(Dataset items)
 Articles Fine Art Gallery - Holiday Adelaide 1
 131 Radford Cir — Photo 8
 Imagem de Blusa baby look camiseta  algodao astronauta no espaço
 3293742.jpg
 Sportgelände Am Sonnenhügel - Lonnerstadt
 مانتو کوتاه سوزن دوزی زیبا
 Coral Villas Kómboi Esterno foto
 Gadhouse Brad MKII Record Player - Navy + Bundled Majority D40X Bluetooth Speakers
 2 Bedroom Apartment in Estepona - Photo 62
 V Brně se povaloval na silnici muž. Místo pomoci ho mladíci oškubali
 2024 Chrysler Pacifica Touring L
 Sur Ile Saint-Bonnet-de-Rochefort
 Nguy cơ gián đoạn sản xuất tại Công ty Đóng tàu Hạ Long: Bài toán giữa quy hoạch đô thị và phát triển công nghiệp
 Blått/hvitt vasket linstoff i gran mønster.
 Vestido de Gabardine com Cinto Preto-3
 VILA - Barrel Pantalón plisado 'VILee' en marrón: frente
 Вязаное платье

■ **Exercise goal**
Nothing but the lines from the one containing "131 Radford Cir — Photo 8" through the last line of the data above should be given again, each exactly as it stands.

■ **Solution**
 131 Radford Cir — Photo 8
 Imagem de Blusa baby look camiseta  algodao astronauta no espaço
 3293742.jpg
 Sportgelände Am Sonnenhügel - Lonnerstadt
 مانتو کوتاه سوزن دوزی زیبا
 Coral Villas Kómboi Esterno foto
 Gadhouse Brad MKII Record Player - Navy + Bundled Majority D40X Bluetooth Speakers
 2 Bedroom Apartment in Estepona - Photo 62
 V Brně se povaloval na silnici muž. Místo pomoci ho mladíci oškubali
 2024 Chrysler Pacifica Touring L
 Sur Ile Saint-Bonnet-de-Rochefort
 Nguy cơ gián đoạn sản xuất tại Công ty Đóng tàu Hạ Long: Bài toán giữa quy hoạch đô thị và phát triển công nghiệp
 Blått/hvitt vasket linstoff i gran mønster.
 Vestido de Gabardine com Cinto Preto-3
 VILA - Barrel Pantalón plisado 'VILee' en marrón: frente
 Вязаное платье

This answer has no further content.